Quando a segurança abriu a porta, senti como se entrasse num ventre da noite.
A Pink Flamingo tinha um borogodó raro: homens de bermuda acima do joelho, corpos de Zeus, gringos loiros, negros cariocas, certinhos, caretas — todo mundo no mesmo caldeirão da carençolândia, como diria Xico Sá. Uns de camisa da moda marrom, outros de jeans e pochete. Se os “gurus da moda” dizem que não pode, lá tem alguém usando com orgulho e pose.
A música era um delírio pop das antigas: Spice Girls, Backstreet Boys, Madonna, Britney, Cher, tudo embalado por fumaça vermelha, luzes estroboscópicas e drinks fluorescentes nas mãos dos convidados.
No banheiro unissex, meu amigo carioca voltou esbaforido:
— Puta que pariu!
— O que foi?
— Tinha uma mulher retocando o rímel no mictório.
Entrei. Lá estavam ela, uma travesti altíssima e um homem bonito dividindo o espelho com a naturalidade de quem compartilha segredos num confessionário. Pensei: esse banheiro merecia uma crônica só pra ele.

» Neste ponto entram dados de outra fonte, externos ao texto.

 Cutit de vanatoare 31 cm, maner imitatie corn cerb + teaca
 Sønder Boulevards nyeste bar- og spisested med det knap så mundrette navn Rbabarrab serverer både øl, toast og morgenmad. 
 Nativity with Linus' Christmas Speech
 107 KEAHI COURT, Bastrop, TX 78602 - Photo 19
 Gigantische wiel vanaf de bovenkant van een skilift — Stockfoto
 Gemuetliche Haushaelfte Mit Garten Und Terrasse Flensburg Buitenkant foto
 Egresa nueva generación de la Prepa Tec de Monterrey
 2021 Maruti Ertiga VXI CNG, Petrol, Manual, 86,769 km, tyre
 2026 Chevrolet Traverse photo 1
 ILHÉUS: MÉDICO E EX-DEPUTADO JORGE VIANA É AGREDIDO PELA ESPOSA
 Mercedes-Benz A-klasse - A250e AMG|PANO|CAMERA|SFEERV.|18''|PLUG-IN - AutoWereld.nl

No salão, curiosamente, quase ninguém se olhava. O flerte parecia fora de moda. As pessoas dançavam, bebiam, vibravam com as drags — poucas e deslumbrantes. Uma delas, pendurada no teto como um anjo barroco, dublava *Toxic* com a segurança de quem poderia substituir Britney num Super Bowl. Outra, de vestido dourado, desceu do palco e me sussurrou no ouvido:
— Vou mijar.
Saí rindo.
— Cara, aqui é ótimo pra trazer as namoradas — disse meu amigo carioca.
— Por quê?
— Porque ninguém mexe.
Mas havia exceções, claro: uma mulher beijava “o único hétero do rolê”; um cara, de camisa social e olhar perdido, se aconchegava no colo de uma travesti no canto do salão — como se ela fosse o colo do mundo. Um grã-fino, lindo como um galã de novela, passeava de mãos dadas com duas gatas num trisal cinematográfico — de causar inveja. Ou melhor: de admirar, porque ter inveja é feio.

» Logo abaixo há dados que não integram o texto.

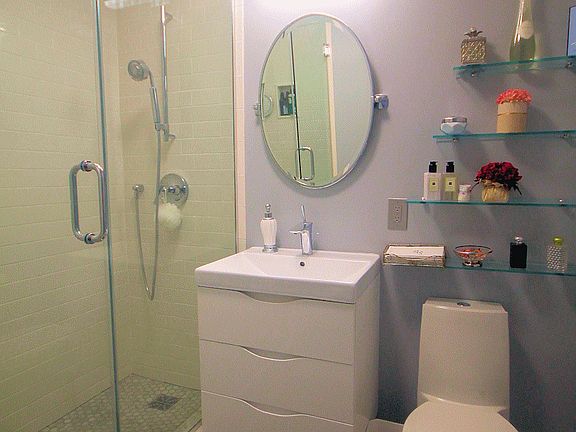 5th image of 353 E 72nd St APT 25A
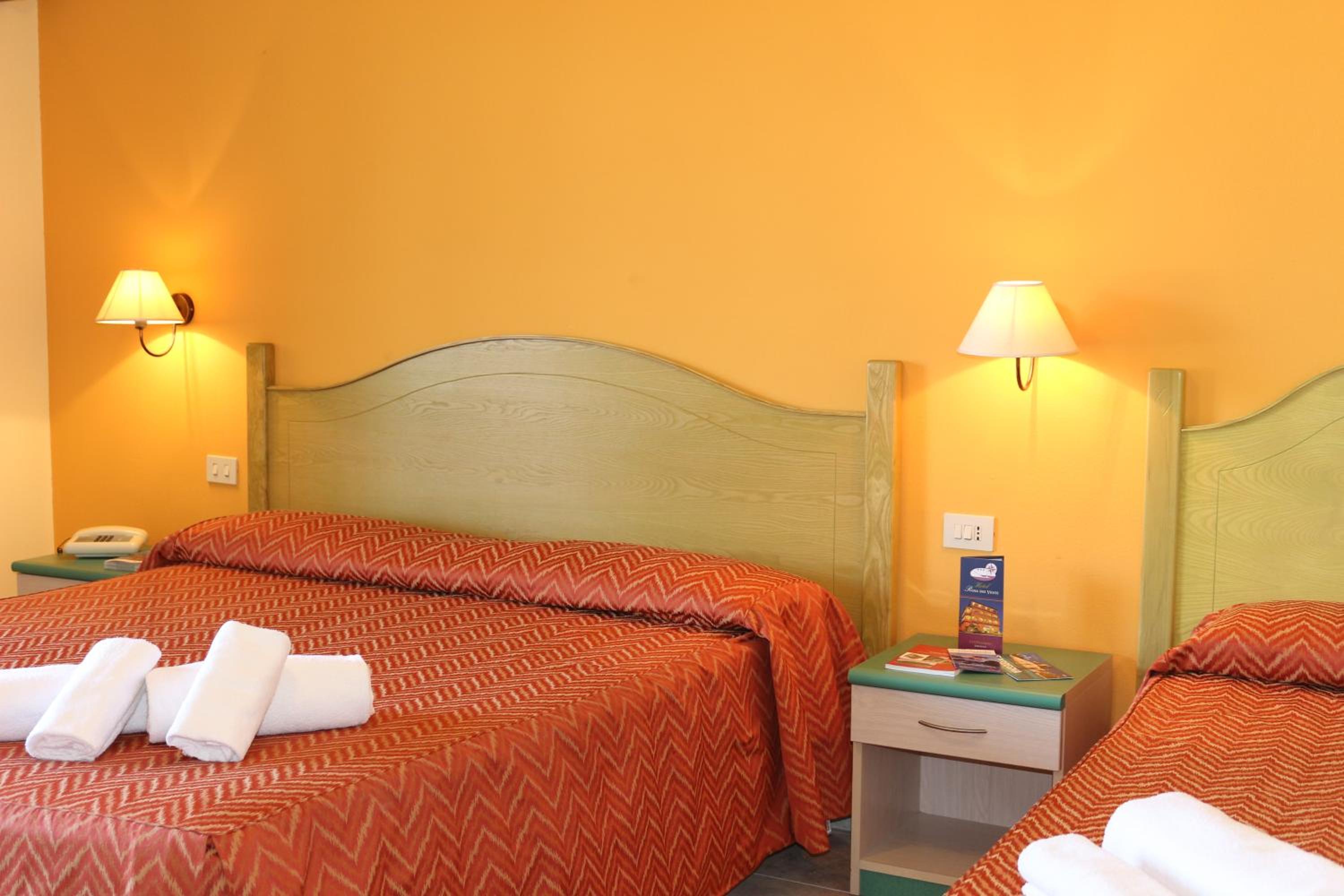 Triple Room - Photo 1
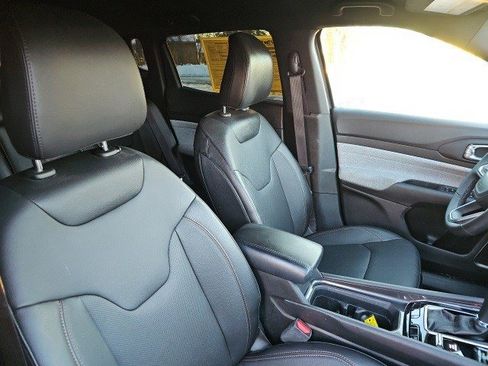 Used 2023 Jeep Compass Latitude image 12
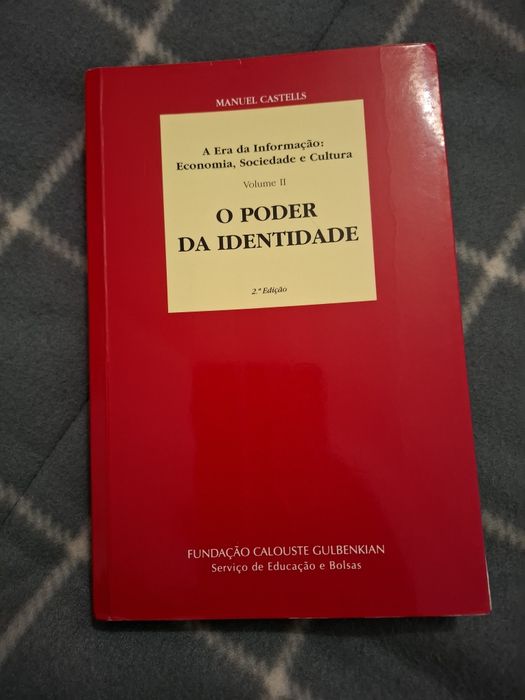 A era da informação: economia,  sociedade e cultura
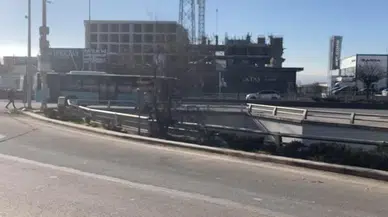 Polis Aracından Yola Atlayan Bayan Otobüsün Altında Kalarak Can Verdi
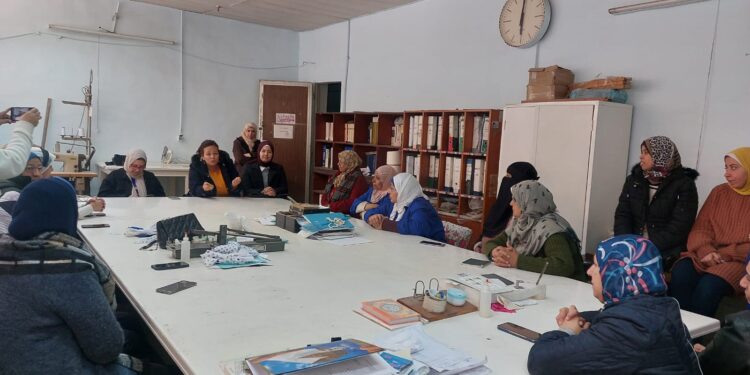 غرفة الملابس تنظم حملات توعية بالصحة الإنجابية للعاملين بشركة مصر العامرية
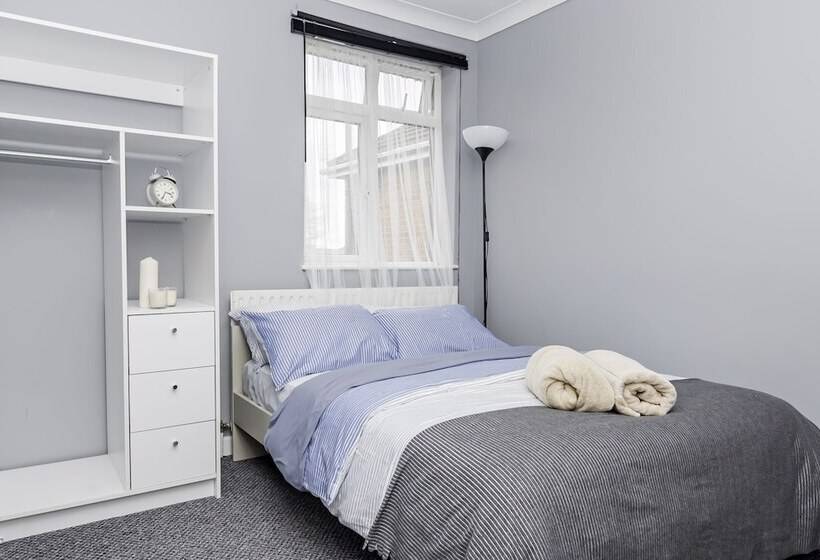 膳宿费 Shirley House 2, Self Catering Guest House, Self Check In, Smart Locks, 10 Min Walk To Southampton G
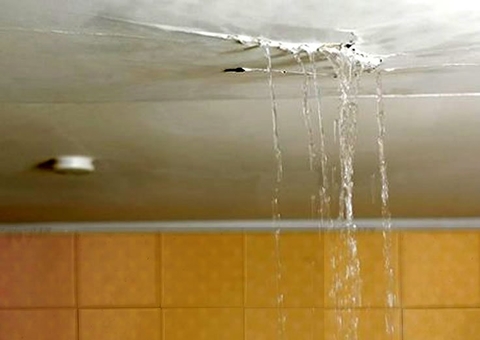 Mulher vai indenizar vizinho após vazamento alagar apartamento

Mas o que mais me encantou foi um velho, setentão, saindo de lá com um negro de beleza fulminante. *Love comes to everyone*, como dizia George Harrison. Esse casal merece uma crônica só pra eles.
Tudo ali me fez constatar o óbvio: eu adoro os gays. Que gente bonita, livre, alegre. O mundo podia ser uma grande Pink Flamingo — um hino à liberdade, ao amor e à ousadia.
Quer saber se fiquei sozinho? Não. Porque ninguém é de ferro. Mas por hoje, a crônica termina aqui.